Take the 2-minute tour ×
MathOverflow is a question and answer site for professional mathematicians. It's 100% free, no registration required.

Let $G$ be a extra-special $p$-group of order $p^{1+2r}$ with exponent $p$ (p odd). I want to know if $G$ has only $3$ characteristic subgroups?

Background: From [2], if $G$ is extra-special $5$-group of order $5^5$ with exponent $5^2$, then $G$ has more than $3$ characteristic subgroup. How about the exponent of the extraspecial $p$-group is $p$?

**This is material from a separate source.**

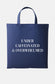 Under Caffeinated And Overwhelmed Tote Bag - Coffee Caffeine Addict Shopping Market Grocery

There are some references about this topic. [1]. D.R. Taunt, Finite groups having unique proper characteristic subgroups I, Proc. Cambridge Philos. Soc. 51 (1955) 25–36. [2]. S.P. Glasby, P.P. Pálfyb, Csaba Schneider p-groups having a unique proper non-trivial characteristic subgroup Journal of Algebra 348 (2011) 85–109

share|improve this question
1  
The extra-special group is a central power $H^n/Z$ of the Heisenberg group $H$ (of exponent $p$). Consider the subgroup $U$ of $H^n$ consisting of all constant functions (i.e. vectors where all coordinates are equal). Is the image of $U$ in $H^n/Z$ characteristic? –  Mark Sapir Aug 18 '12 at 13:38
    
@Mark: Thanks Mark. But I have to say that I am not familiar with the Heisenberg group. I know the extra-special p-group in the way of abstract group theory. I don't know how to do it in your way. –  Wei Zhou Aug 18 '12 at 15:41
1  
It is easy to check that the original question has a positive answer iff the action of $Out(G)$ on the vector space $G/Z$ over $\mathbf{Z}/p$ is irreducible. –  Yves Cornulier Aug 18 '12 at 17:40
1  
Wiki link for background and definition of extraspecial groups –  Yves Cornulier Aug 18 '12 at 18:07
add comment

1 Answer

up vote 8 down vote accepted

An extraspecial $p$-group of exponent $p$ contains exactly three characteristic subgroups, $1$, $G$ and the center of $G$.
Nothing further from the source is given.